What it is and what it does
The Siemens SENTRON 3VA1150-5EF32-0AG0 is a 3-pole molded case circuit breaker (MCCB) rated for line protection — meaning it sits upstream of a feeder or distribution panel, not on a motor branch. It carries a rated continuous current Iu of 50 A and uses a TM240 thermal-magnetic overcurrent release, so the thermal element handles overloads and the magnetic element handles short-circuits up to the breaker's interrupting capacity. The interrupting ratings are what make this breaker stand out: 187 kA at 240 V, 121 kA at 415 V, 75.6 kA at 440 V, and 17 kA at 690 V. That 187 kA at 240 V is a high-fault rating — it means this breaker can safely clear a fault on a 240 V bus with up to 187 kA available fault current, which is typical for large transformer secondaries or industrial switchgear. At 690 V the rating drops to 17 kA, still enough for most 690 V distribution but worth checking against the available fault current at that voltage.

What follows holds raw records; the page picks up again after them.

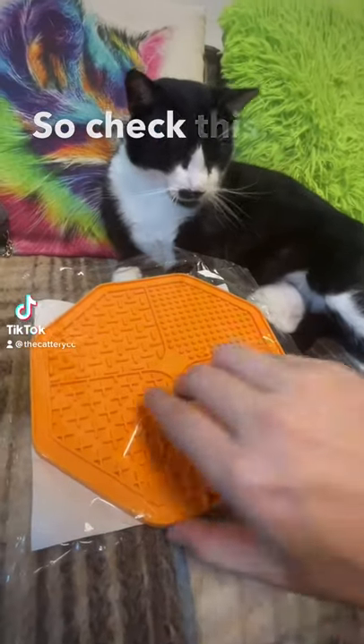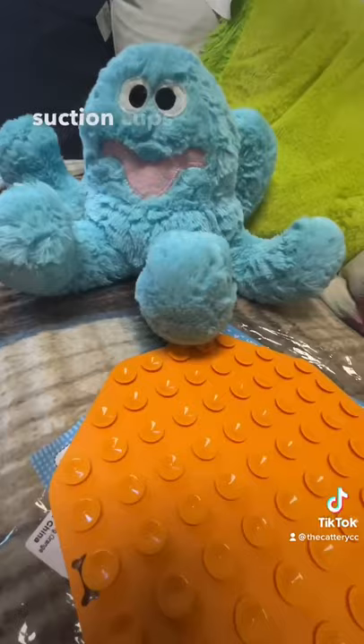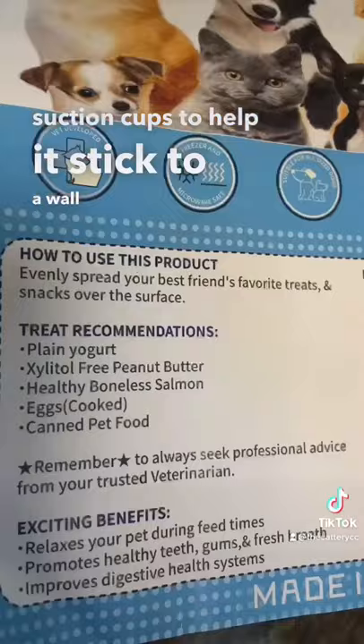So check this out. It's a lick mat. It has all these suction cups to help it stick to a wall and then you schmear treats on it. It's supposed to keep your pets occupied.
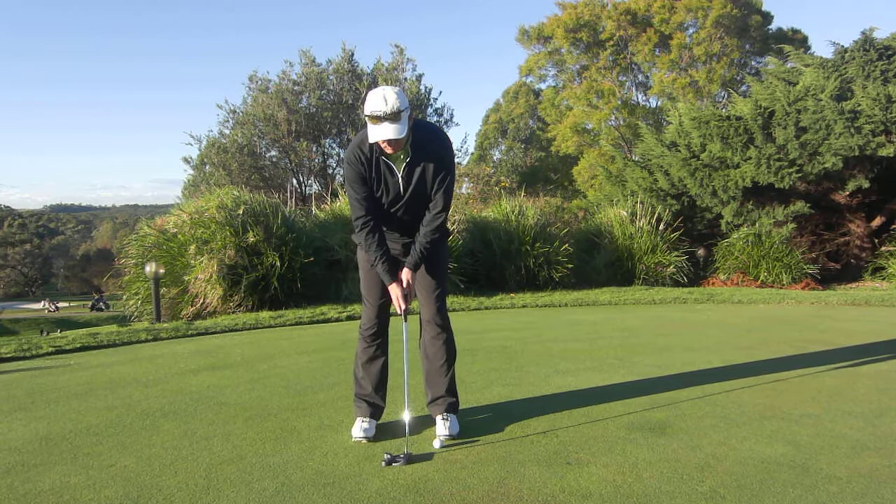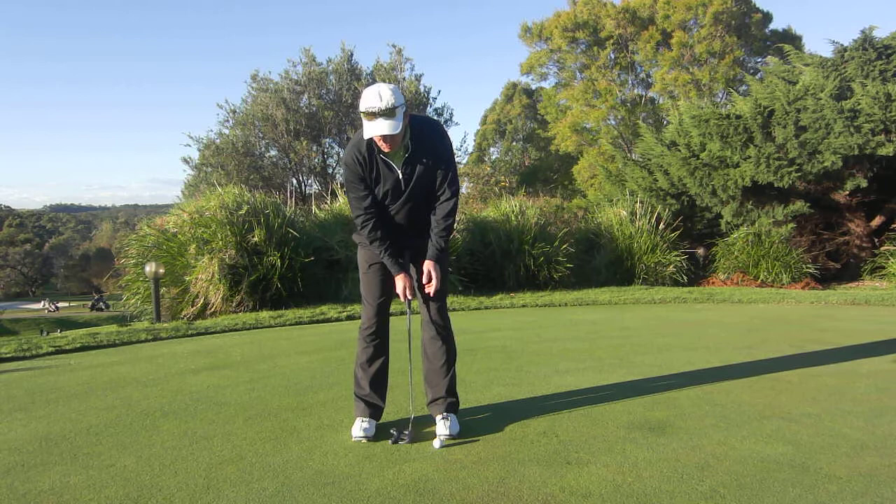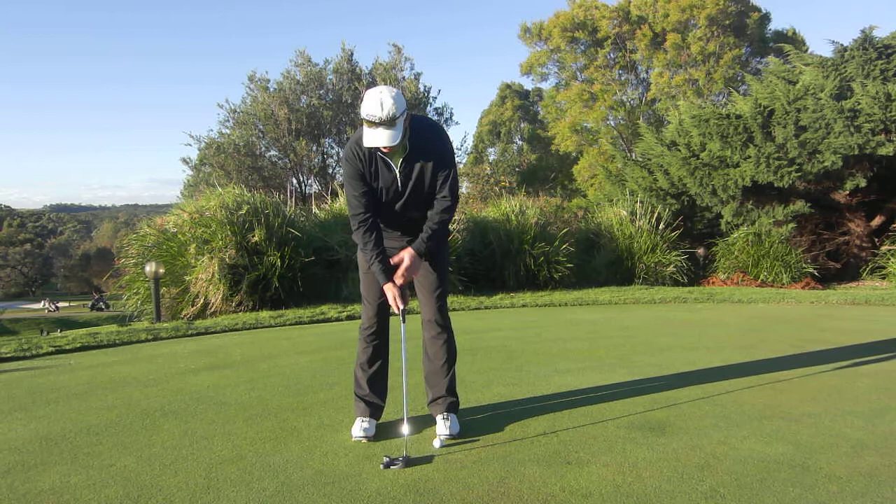But one of the things I really like to see when we're putting is when we're moving that putter back and through, we have what we call quiet hands. Quiet hands is where we can just rock from our shoulders back and rock from our shoulders through without the use of too much wrist action as we're making that stroke.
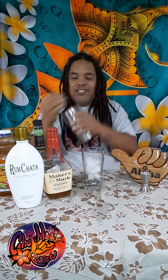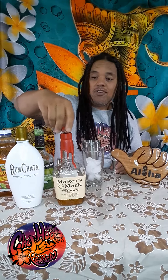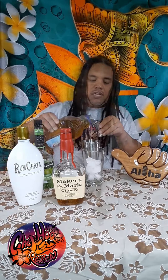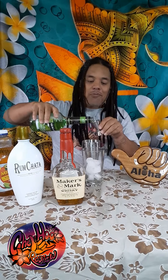How's it? In the shaker, you're going to do one part Maker's Mark, one part RumChata, and two parts apple juice. Apple pucker, one part apple.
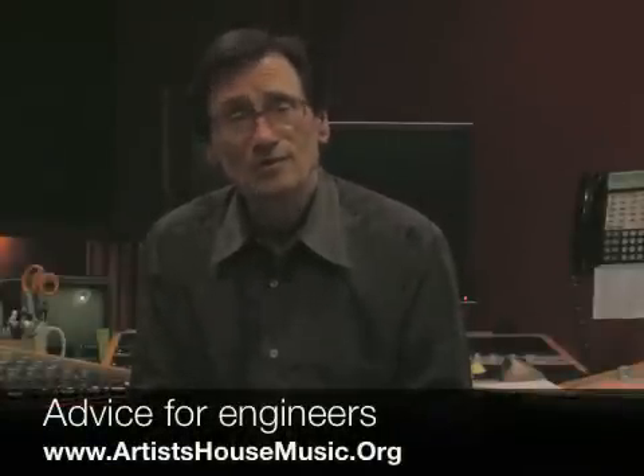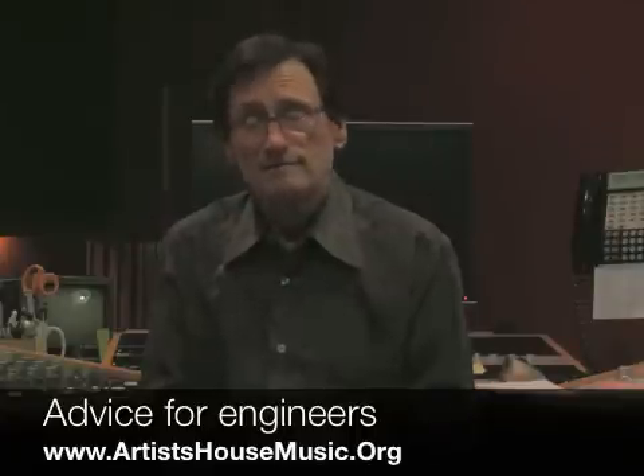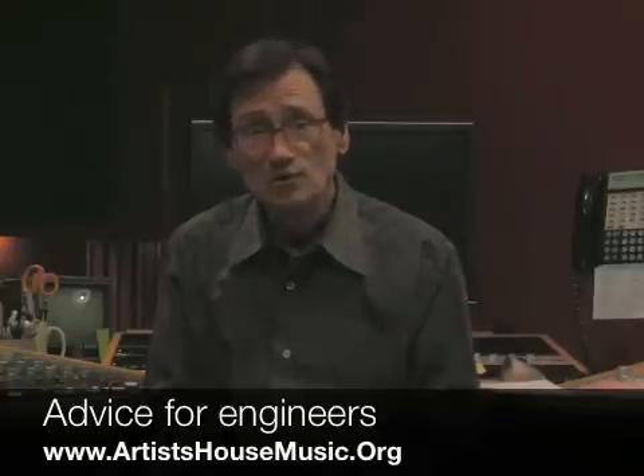The cleaner the recording, of course, the better, because then we can apply compression, we can apply limiting, we can do some manipulation. And even though whatever we're doing is going to affect the sound somewhat — you're going to lose some quality — we have some way to go. We should have some headroom.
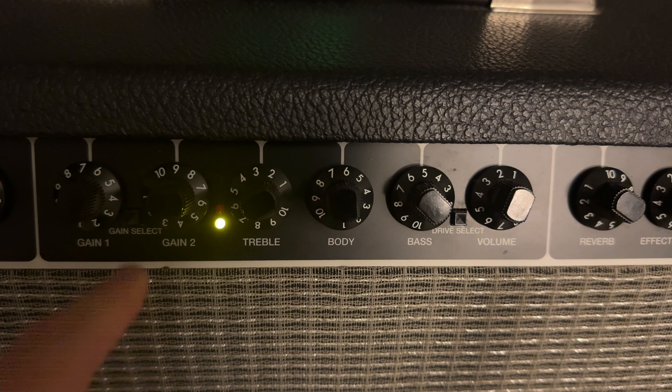So that was the Fender Performer 1000. Let me know what you guys think in the comments — let me know if you had one in the past — and don't forget to like and subscribe if you want to see more stuff like this. I'll see you next time. Bye bye.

Thermal derating and operating range
The breaker holds its full 50 A rating from 40 °C through 50 °C ambient. Above that it derates: 48 A at 55 °C, 47 A at 60 °C, 46 A at 65 °C, and 45 A at 70 °C. If your panel ambient runs above 50 °C, you need to account for that derating — the breaker won't trip falsely, but you lose headroom on the continuous load. Operating temperature range is -25 °C to 70 °C; storage range is -40 °C to 80 °C.
Dimensions and panel fit
The breaker measures 130 mm high, 76.2 mm wide, and 70 mm deep. That 76.2 mm width is a standard 3-pole MCCB footprint — it fits the same panel cutout and bus-bar spacing as other SENTRON 3VA 3-pole frames. The front face carries an IP40 protection rating, so it's fine for general indoor panel use but not for washdown or outdoor exposure.
Auxiliary contacts and trip indication
This version comes with one auxiliary switch and one trip alarm switch (HP type). The trip alarm switch changes state only when the breaker trips on a fault — useful for remote fault annunciation or a shunt-trip circuit. A trip indicator is also built into the front, so a walk-by inspection shows a tripped breaker without opening the panel door. The mechanical endurance is rated at 15 000 operations.